## EXERCISE DIRECTIONS
Would you retype, word for word, only the lines from the one holding "Stocklot slippers - Image 12" through the final line of the entries below, without the pictures?

## INPUT DATA
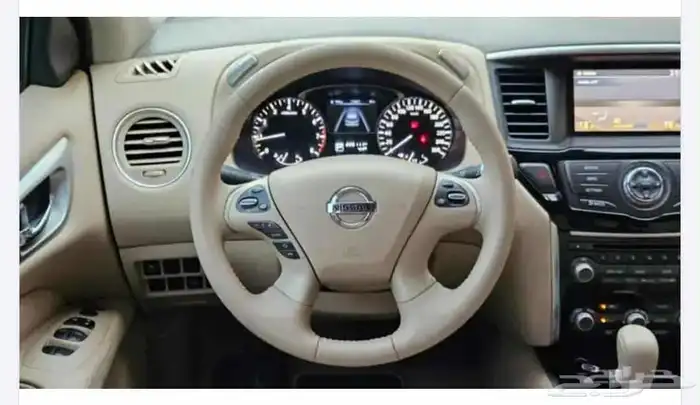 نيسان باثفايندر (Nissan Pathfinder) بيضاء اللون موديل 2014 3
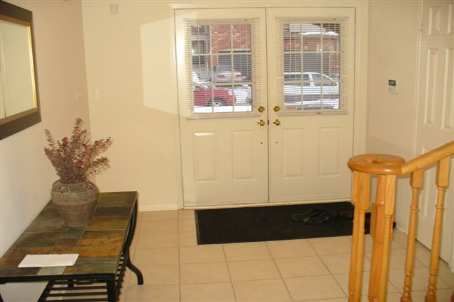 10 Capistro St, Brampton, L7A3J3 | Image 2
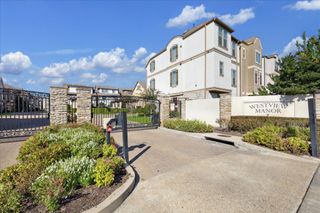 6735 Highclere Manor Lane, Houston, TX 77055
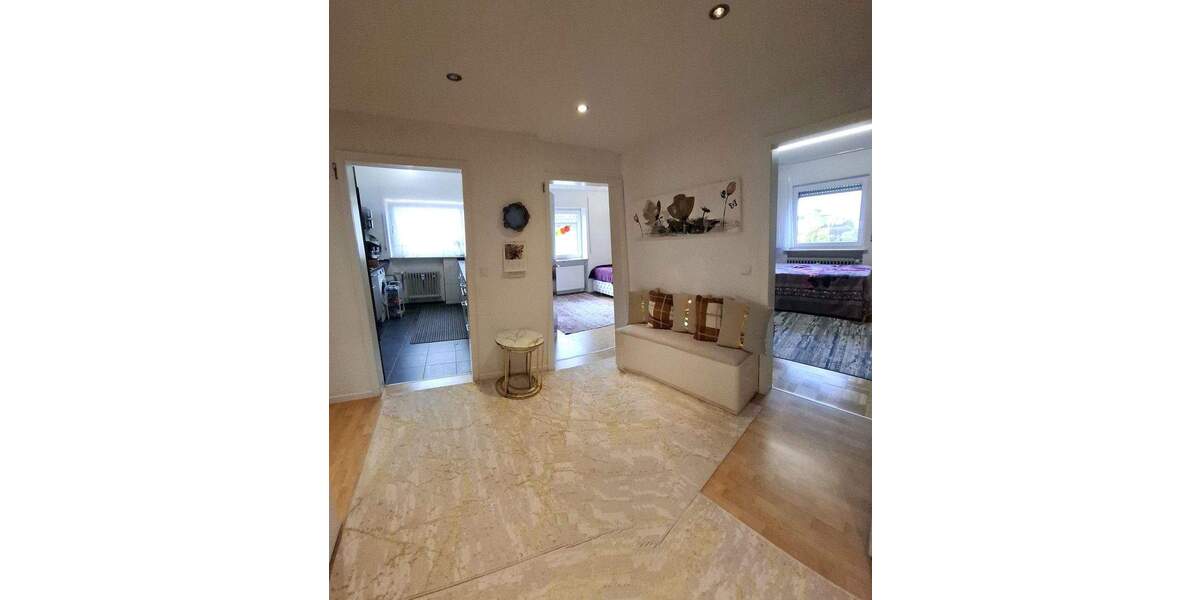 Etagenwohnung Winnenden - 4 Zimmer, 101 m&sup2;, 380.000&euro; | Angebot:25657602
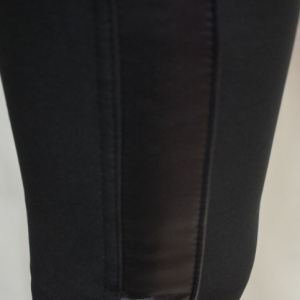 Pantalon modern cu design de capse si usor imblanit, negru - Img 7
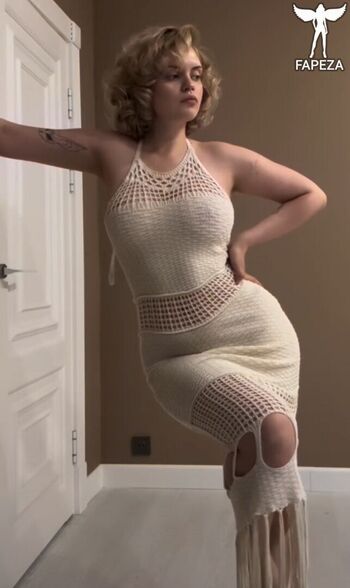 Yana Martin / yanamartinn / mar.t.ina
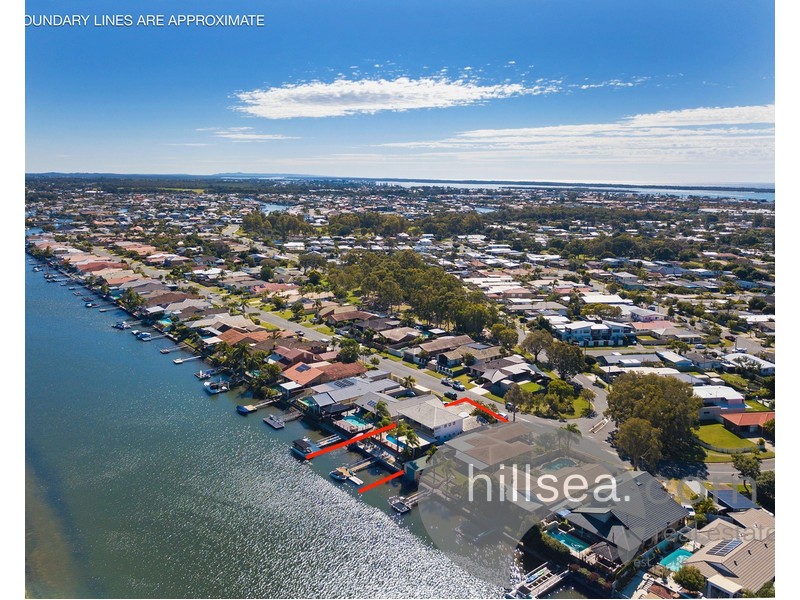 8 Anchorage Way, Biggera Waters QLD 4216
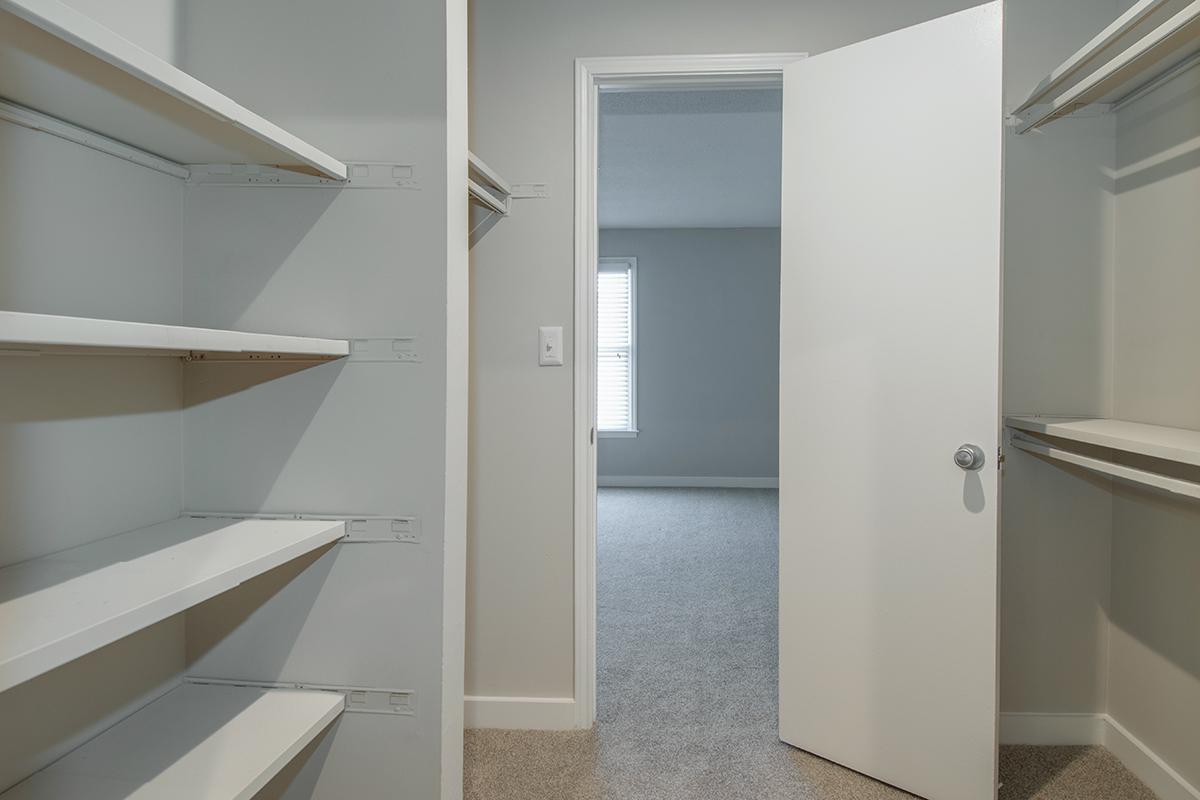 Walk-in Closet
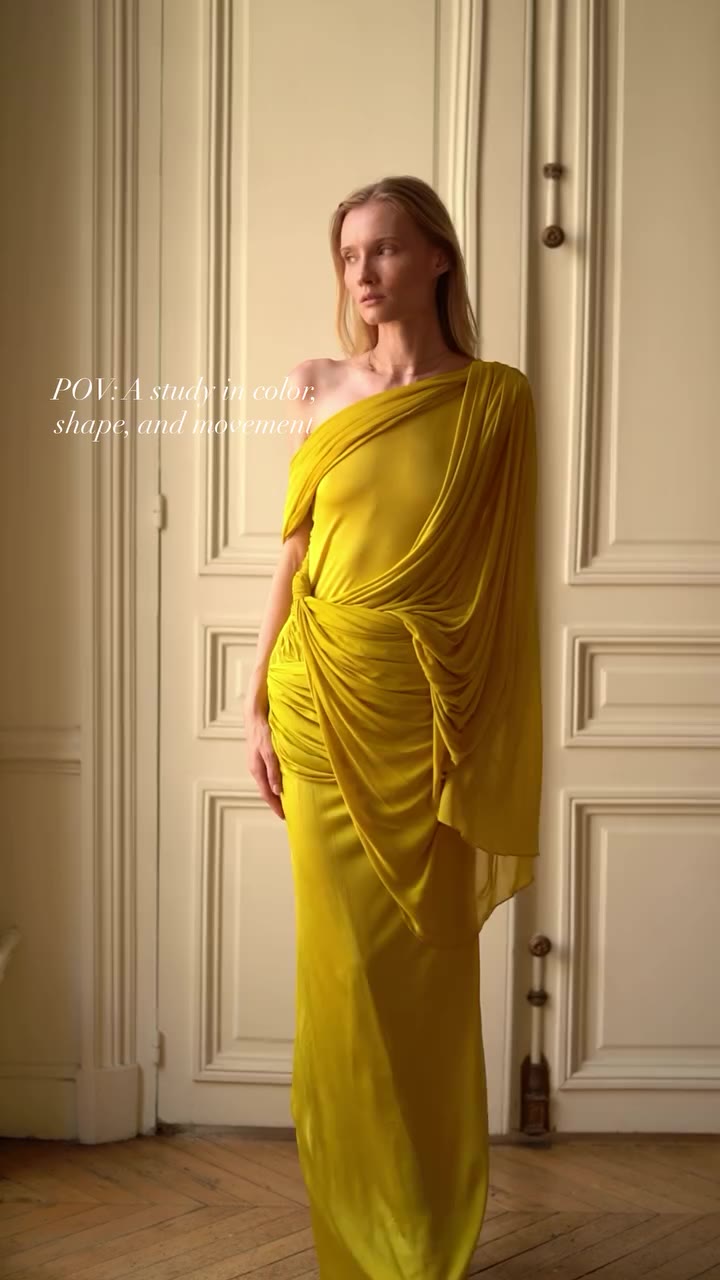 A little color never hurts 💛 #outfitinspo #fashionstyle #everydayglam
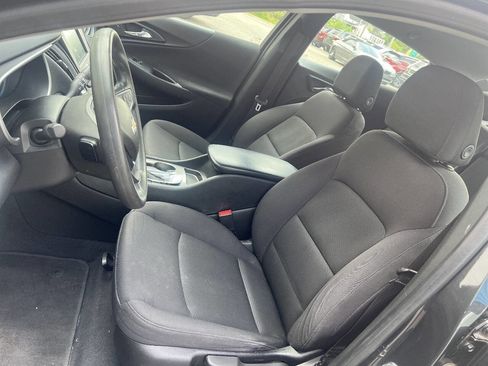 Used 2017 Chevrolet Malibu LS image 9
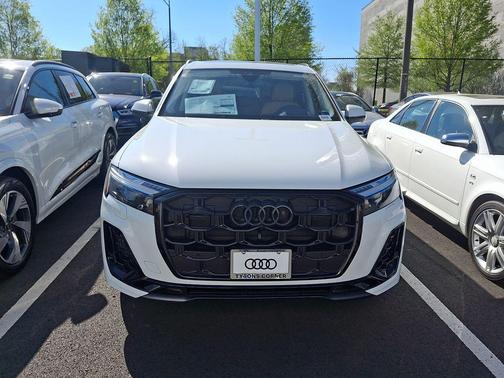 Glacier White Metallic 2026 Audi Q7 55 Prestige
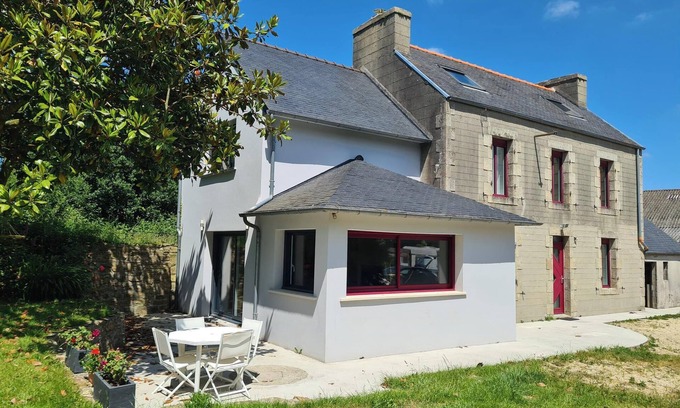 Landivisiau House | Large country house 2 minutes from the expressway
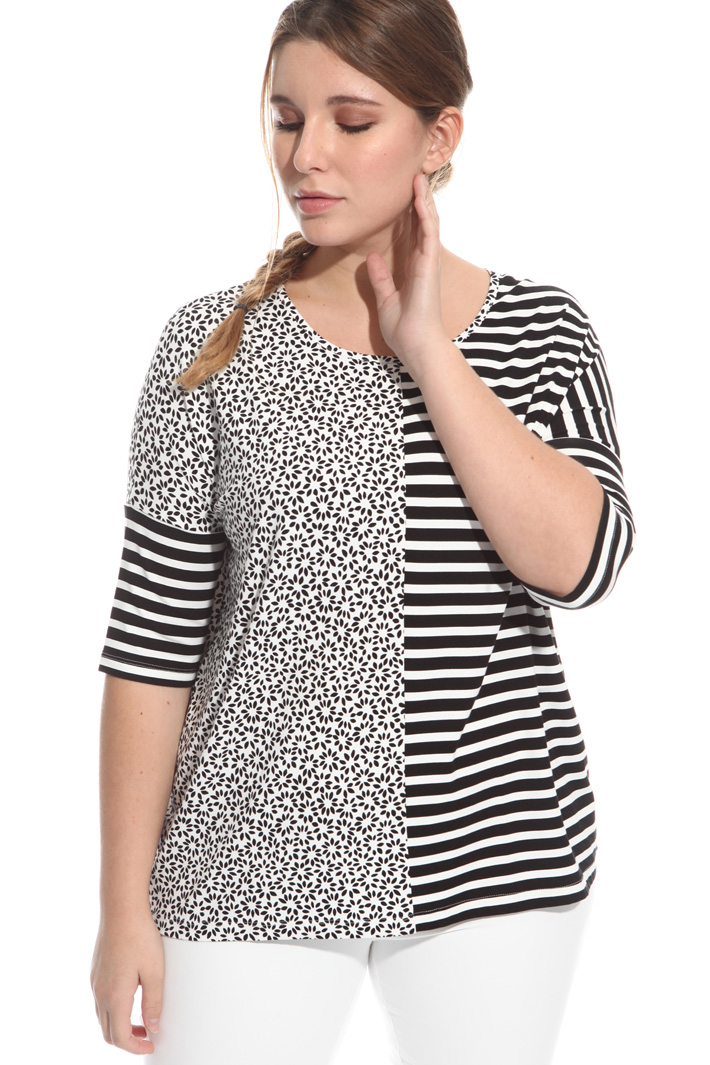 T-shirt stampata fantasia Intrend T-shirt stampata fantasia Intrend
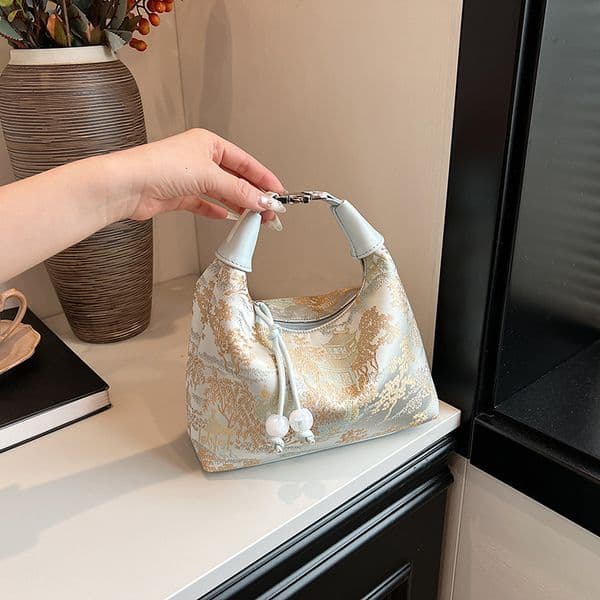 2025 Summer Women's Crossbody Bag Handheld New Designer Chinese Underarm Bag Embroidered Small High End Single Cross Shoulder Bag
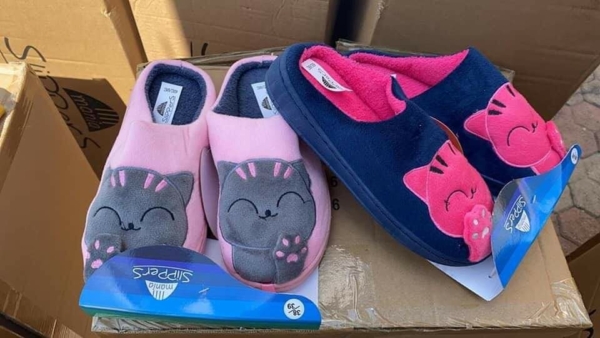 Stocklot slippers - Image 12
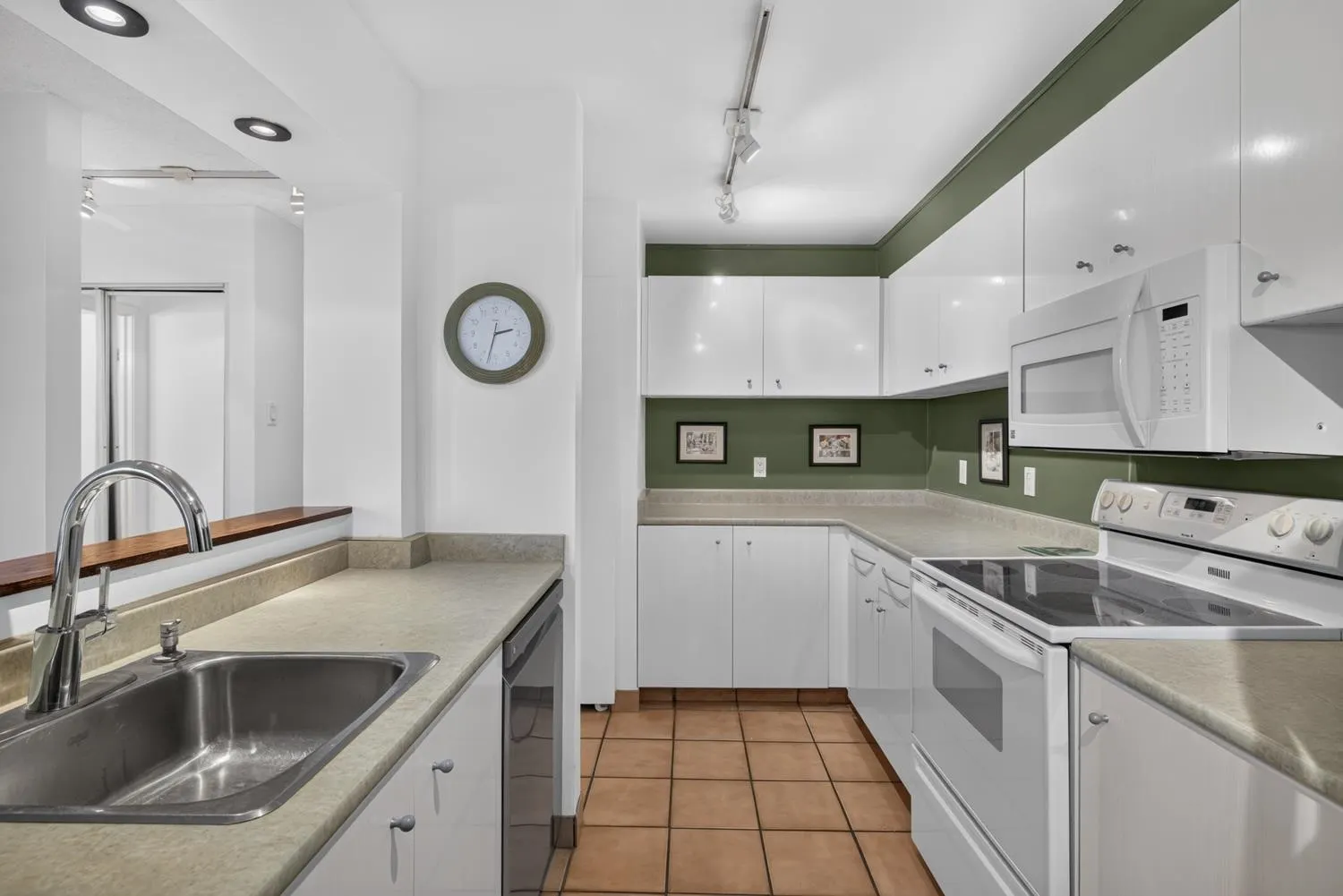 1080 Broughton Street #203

## RESULT FOR THIS TASK
 Stocklot slippers - Image 12
 1080 Broughton Street #203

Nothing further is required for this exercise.